[Items listed in a dataset]
......

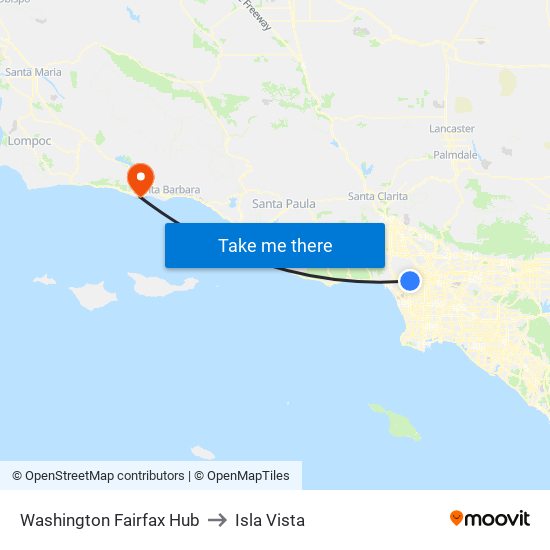 Washington Fairfax Hub to Isla Vista map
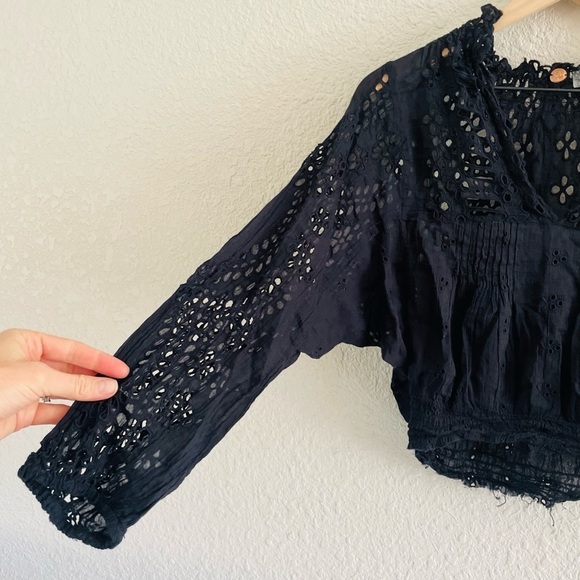 Free People Navy Eyelet Cut Out Blouse - Picture 3 of 9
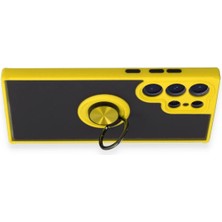 LTG Nova Galaxy S23 Kılıf Montreal Yüzüklü Silikon Kapak - Sarı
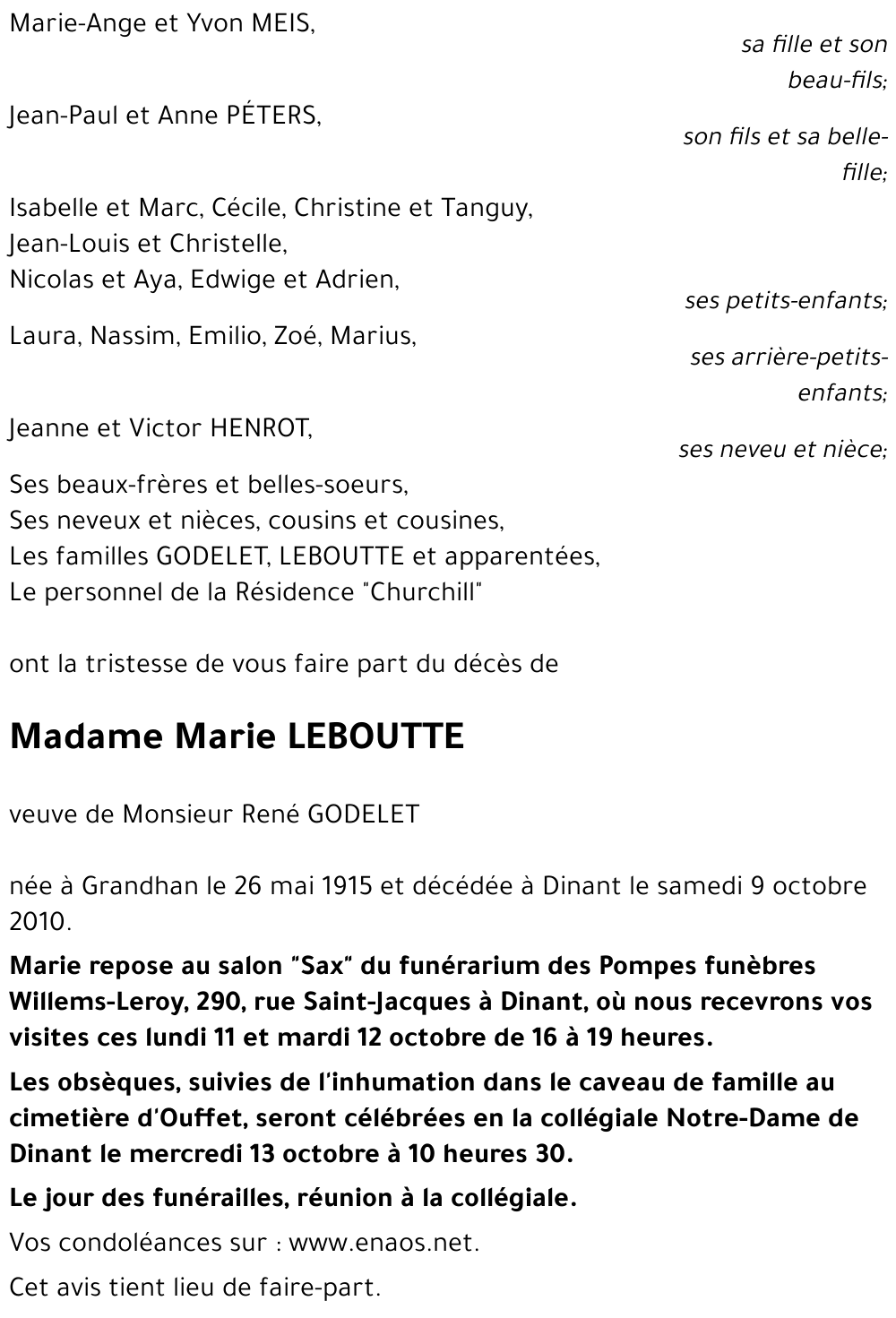 Marie LEBOUTTE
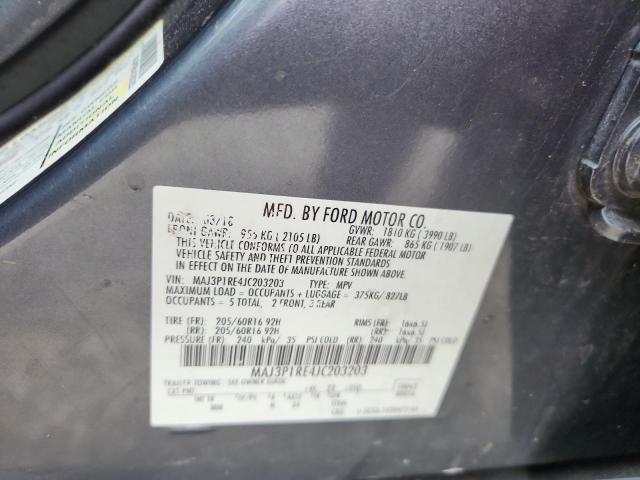 MAJ3P1RE4JC203203 - 2018 FORD ECOSPORT S 灰色 照片 12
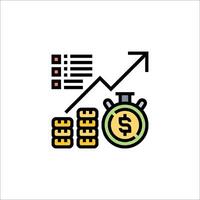 A line icon of a dollar sign and a clock vector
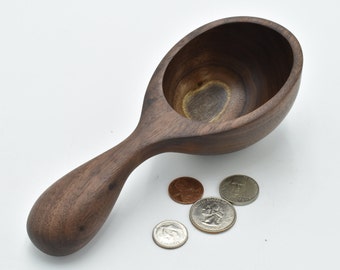 Extra Large Coffee Style Scoop, Hand Carved From black Walnut Beautiful Grain, Holds 1/2 Cup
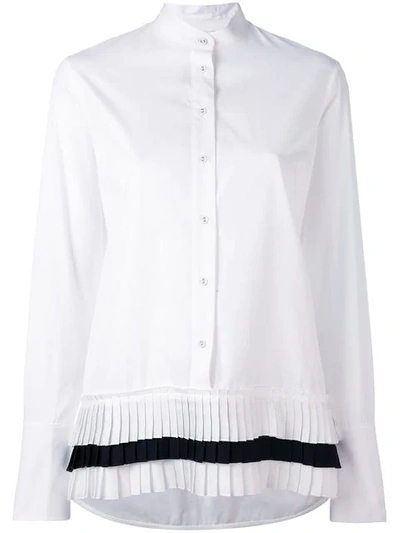 Victoria Victoria Beckham Collarless Cotton Shirt With Pleated Hem In White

......

Goal of the exercise
All of the data is to be returned exactly, with no pictures included.

Exercise response
 Washington Fairfax Hub to Isla Vista map
 Free People Navy Eyelet Cut Out Blouse - Picture 3 of 9
 LTG Nova Galaxy S23 Kılıf Montreal Yüzüklü Silikon Kapak - Sarı
 Marie LEBOUTTE
 MAJ3P1RE4JC203203 - 2018 FORD ECOSPORT S 灰色 照片 12
 A line icon of a dollar sign and a clock vector
 Extra Large Coffee Style Scoop, Hand Carved From black Walnut Beautiful Grain, Holds 1/2 Cup
 Victoria Victoria Beckham Collarless Cotton Shirt With Pleated Hem In White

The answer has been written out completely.